Hi, I also wonder the same. What does it mean by having feature maps with value 100?

What does this mean “‘feature maps’ refers to the number of feature maps for each filter region size.”?

How can one achieve more than one feature map for each region size? (Like in the example above)

Hi Celina,

I’m assuming that you’re referring to this paper: https://arxiv.org/pdf/1510.03820.pdf

Table 2: “‘feature maps’ refers to the number of feature maps for each filter region size.”

Going back to our toy example in this blog, please refer to the area of the figure where it is labelled #featuremaps. Here, we have 2 feature maps for each region size. And in our toy example, the region size is (2,3,4).

Let’s try a more layman way of explaining this. Let’s have 6 people to independently try to build their own intuition to determine the sentiment of the sentence.

Person A (dark red) and B (light red) are limited to looking 4 consecutive words at a time.

Person C (dark green) and D (light green) are limited to looking 3 consecutive words at a time.

Person E (dark yellow) and F (light yellow) are limited to looking 2 consecutive words at a time.

You can bet that Person A and B will build different intuitions even though they are both looking at 4 words at a time because their preexisting knowledge is different (the parallel here is that the random initialization is different).

So, if we have 100 feature maps for each region size (3,4,5) in the paper. It means:

100 different people are limited to looking 3 consecutive words at a time.

100 different people are limited to looking 4 consecutive words at a time.

100 different people are limited to looking 5 consecutive words at a time.

A total of 300 different people.

Hope this helps,

Joshua

Very helpful.. thank you

Cheers, thanks Saja.

Is it not the case that software implementations like Keras actually have the transpose of what you show for #sentences where they would be 5×7 and then the kernel is 5x where filter length is 2,3,5 above?

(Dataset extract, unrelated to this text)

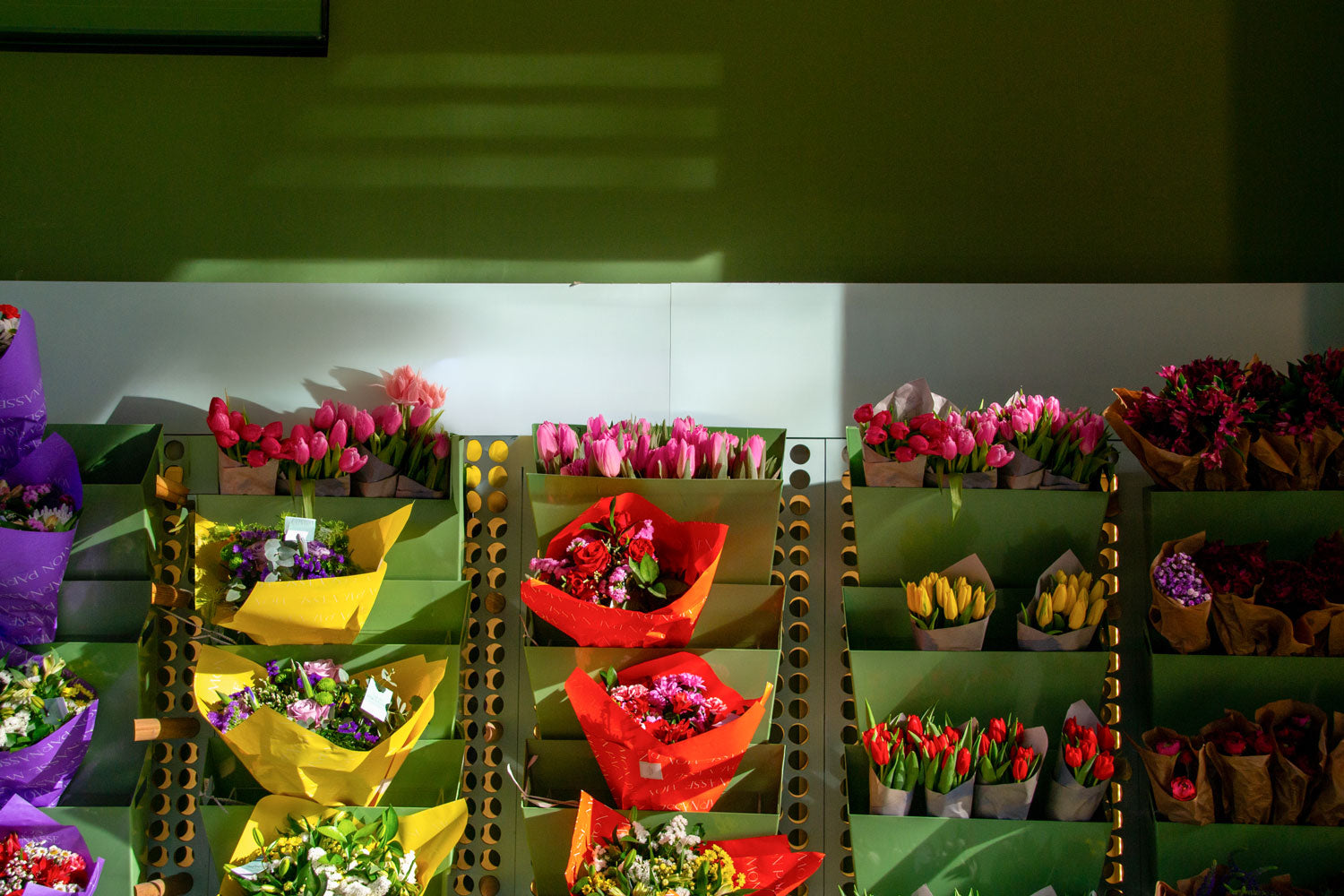 Real photo flower shop billboard/banner mockup behind bouquets with natural light and shadows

Sorry Brian, I’m not sure about the Keras implementation. But I’ll post your question here so that someone else can pick it up.

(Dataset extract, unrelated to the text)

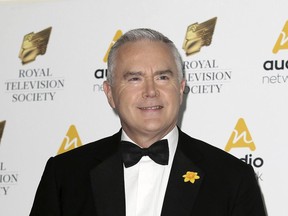 Journalist Huw Edwards poses for photographers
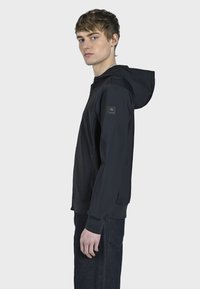 Černá mikina s kapucí vyrobená z měkké látky, s boční kapsou a žebrovanými manžetami. Model stojí bokem proti jednoduchému pozadí.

Maybe Reddit could help too.

Cheers,

Joshua

thank you.please discribe d dimension of “I”,”like”???

Hi Ayesha,

Following the section on #sentence, there, we have 6 words plus an exclamation mark. In the example, the exclamation mark is counted as one word, hence we have 7 words.

Since d = 5 then we have a matrix of 7 * 5.

For your question, if there is just “i like”, then the matrix would be 2 * 5.

In both of the above, we have assumed that the dimension of word vectors is 5.

Hope this helps,

Joshua

Hi Joshua,

Thank you for clarifying details about cnn.

I would like to ask that how did you map 7 words to 5 features?

Can you give some advise?

Hi Kutay,

The high-level concept answer is that the 7 words are looked up in a lookup table of vectors. Every English word has a vector in this lookup table, and they have been pre-trained. Glove vectors and Word2Vec vectors are good examples of these. So in our toy example, each word vector has a length of 5. There are 7 words, so the resulting matrix is 7 x 5.

The low-level execution answer is to point you to a good tutorial. I enjoyed following machinelearningmaster by Jason Brownlee, in this article https://machinelearningmastery.com/use-word-embedding-layers-deep-learning-keras/ he explains the Python script to achieve what I have described above.

Hope this helps,

Joshua

Hello Sir.!

I plan to work on text classification , Dear sir can you give me some idea .

I am still confusing about it

Thanks

Hi Tad,

When I first started, I watched the entire series of CS224D by Stanford on Youtube. I found it a great resource to get started. Hope this helps you just as well!

https://www.youtube.com/watch?v=OQQ-W_63UgQ&list=PL3FW7Lu3i5Jsnh1rnUwq_TcylNr7EkRe6

Best Regards,

Joshua

Thank you very much for the detailed description. I did not understand the filtering part completely. In the #featuremaps section, how the numbers in the yellow matrix (2×5) are defined? are they randomly generated?

Yes, you are right, the numbers in the yellow matrix are randomly initialized and then updated through backpropagation.

Best Regards,

Joshua

Thanks for translating this into Vietnamese and citing the blog post.